She continued her search, but not even a raincoat could be found. She returned to Police-Constable Sandbank.

‘Nothing doing,’ she said briefly. ‘This means an attempt at murder. Somebody must have brought her and chucked her in. Drugged her first, I should imagine, and the cold water brought her round.’

‘Ah, very like,’ said the constable. ‘Times do change. Times past, we didn’t have nothing like this in the city. ’Tis the war, I reckon. Rouses the original in people, war do, so I say.’

Laura considered this opinion.

‘One thing, this wasn’t a Winchester woman,’ she remarked. ‘Well, I’d better get back to report. No, I won’t! I’ll have one more hunt.’

She was bending down poking into reeds when a young voice hailed her from the opposite bank of the river.

‘Missus, was you lookin’ for the old gentleman’s hat?’

‘Eh?’ said Laura, straightening. Opposite her stood a small boy, another in close attendance. The spokesman held out an object which, in spite of the fact that it had been in the water, she had no difficulty in recognizing as the remains of a white straw panama.

‘Yes! Hold on! I’ll come round by the bridge!’ she shouted. She skirted the stolid policeman and cast at him over her shoulder the tidings that things were moving.

The two boys were standing on the bridge by the time she reached it. She gave them sixpence for the hat and thanked them.

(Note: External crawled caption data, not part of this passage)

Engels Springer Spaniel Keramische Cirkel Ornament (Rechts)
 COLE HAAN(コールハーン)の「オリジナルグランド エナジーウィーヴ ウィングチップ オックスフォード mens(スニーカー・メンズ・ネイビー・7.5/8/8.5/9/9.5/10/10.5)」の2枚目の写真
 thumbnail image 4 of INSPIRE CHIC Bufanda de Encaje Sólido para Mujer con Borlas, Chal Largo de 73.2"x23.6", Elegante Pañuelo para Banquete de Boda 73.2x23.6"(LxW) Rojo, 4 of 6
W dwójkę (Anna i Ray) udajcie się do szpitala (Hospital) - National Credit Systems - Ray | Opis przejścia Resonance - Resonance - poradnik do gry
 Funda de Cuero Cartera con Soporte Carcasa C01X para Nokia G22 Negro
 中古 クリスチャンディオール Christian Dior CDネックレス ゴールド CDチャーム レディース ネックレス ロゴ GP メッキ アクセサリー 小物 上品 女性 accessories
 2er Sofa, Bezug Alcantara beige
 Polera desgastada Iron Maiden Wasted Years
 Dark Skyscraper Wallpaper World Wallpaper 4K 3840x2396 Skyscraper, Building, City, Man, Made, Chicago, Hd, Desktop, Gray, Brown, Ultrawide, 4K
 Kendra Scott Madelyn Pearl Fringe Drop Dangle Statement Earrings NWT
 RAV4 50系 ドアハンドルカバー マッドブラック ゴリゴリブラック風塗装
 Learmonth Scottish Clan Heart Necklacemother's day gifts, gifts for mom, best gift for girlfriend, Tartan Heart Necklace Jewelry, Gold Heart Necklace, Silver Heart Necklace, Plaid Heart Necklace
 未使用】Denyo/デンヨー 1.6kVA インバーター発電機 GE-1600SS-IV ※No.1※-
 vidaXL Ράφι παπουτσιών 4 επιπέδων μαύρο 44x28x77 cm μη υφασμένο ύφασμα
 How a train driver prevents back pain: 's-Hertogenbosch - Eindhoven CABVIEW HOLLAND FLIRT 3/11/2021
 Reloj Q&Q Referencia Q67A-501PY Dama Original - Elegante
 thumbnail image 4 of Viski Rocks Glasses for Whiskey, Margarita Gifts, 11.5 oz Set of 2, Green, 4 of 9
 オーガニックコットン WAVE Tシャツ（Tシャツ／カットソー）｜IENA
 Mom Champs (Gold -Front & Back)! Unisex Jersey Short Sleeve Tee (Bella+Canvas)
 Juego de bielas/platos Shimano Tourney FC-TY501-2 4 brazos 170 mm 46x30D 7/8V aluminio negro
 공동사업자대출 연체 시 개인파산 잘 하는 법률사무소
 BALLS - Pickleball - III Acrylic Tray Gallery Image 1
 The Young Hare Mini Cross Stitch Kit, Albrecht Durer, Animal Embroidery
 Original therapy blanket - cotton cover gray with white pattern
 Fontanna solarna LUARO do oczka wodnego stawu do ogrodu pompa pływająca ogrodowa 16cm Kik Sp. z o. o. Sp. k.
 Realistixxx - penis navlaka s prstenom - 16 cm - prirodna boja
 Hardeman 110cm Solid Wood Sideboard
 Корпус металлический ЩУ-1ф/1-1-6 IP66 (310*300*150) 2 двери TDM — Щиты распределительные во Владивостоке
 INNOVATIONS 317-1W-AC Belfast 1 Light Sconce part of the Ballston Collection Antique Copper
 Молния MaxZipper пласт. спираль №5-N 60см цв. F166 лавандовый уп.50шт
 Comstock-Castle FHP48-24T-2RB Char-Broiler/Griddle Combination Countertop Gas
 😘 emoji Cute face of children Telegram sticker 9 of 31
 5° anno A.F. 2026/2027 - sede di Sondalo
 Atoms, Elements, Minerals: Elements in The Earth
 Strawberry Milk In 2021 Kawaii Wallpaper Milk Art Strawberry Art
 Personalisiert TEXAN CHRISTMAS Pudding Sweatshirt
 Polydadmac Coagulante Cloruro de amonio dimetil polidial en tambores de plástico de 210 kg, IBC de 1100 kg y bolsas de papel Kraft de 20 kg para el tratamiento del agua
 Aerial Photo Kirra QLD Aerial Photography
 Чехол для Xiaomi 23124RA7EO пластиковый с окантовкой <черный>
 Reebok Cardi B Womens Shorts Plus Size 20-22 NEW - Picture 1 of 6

‘He’ll be looking for that,’ she said.

‘Not him,’ said the youngster who had held it. ‘He knowed he dropped it in the water, and he made out to catch it with his stick, but he pretended he couldn’t reach it. Us went paddlin’ after it, but the water was deep, so us come on out again, and it fetched up in the roots of the old willow tree, so us brought it back, but he’d gone. He run when he seed us coming.’

‘Would you know him again?’ asked Laura, who had been examining the inside of the hat for traces of an owner’s name, but had found none.

‘Sure us ’ud know him again,’ declared the boy.

Another thought struck Laura, who was fascinated by the story of the hat.

‘You said he saw you. Did you speak to him?’ she enquired. The youngster shook his head.

‘Don’t reckon he wanted us to, missus, and he wasn’t there when we got back. We seed him running away.’

‘Which way did he go from here?’

‘Over towards St Cross. Us hollered, but he never took no notice.’

‘Well, you’d better give me your names and addresses,’ said Laura. ‘Then, if he gives the five shillings reward, I’ll see that you boys get it. Don’t speak to him again. Run like bally rabbits if you see him. He kills little kids like you.’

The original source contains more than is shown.